Globe and Mail

Poll reveals skepticism about role of judges

The Globe and Mail
Friday, May 11, 2001

About half the Canadian population feels that members of the Supreme Court of Canada have too much power, a new poll by Ipsos-Reid has found.

Judges are respected and perceived as impartial on race-related issues. But they are also seen as too lenient and not completely independent from partisan politics, pollster Angus Reid said in an interview shortly before addressing an international conference on judicial independence.

Also, a majority of Canadians feel that judges do not treat everyone equally. Only 35 percent of Canadians say everyone is treated the same, which is not an overwhelming endorsement of the justice system, he said.

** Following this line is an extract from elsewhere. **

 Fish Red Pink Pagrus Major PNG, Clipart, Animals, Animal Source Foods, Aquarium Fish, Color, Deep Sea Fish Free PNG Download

Sixty-two per cent of those surveyed disagreed with the statement that the justice system treats all citizens fairly.

"The public's sense, whether rightly or wrongly, is that judges do not always leave behind their own preferences and baggage when they make a decision," Mr. Reid said.

Pollsters have been measuring attitudes toward the criminal-justice system for many years, but a survey of attitudes toward judicial independence and the Supreme Court of Canada is rare.

Ipsos-Reid questioned 1,000 Canadians and 1,000 Americans last week on perceptions of judicial independence. The results were presented yesterday to an international conference in Vancouver that attracted more than 100 notable jurists, scholars and lawyers.

A few weeks before the survey, Opposition Leader Stockwell Day had raised questions about the independence of the judiciary in Canada, and alleged that a Quebec judge was in a conflict of interest.

"He was speaking to an audience that was prepared to listen," Mr. Reid said. "A lot of Canadians think they [the judges] have too much power.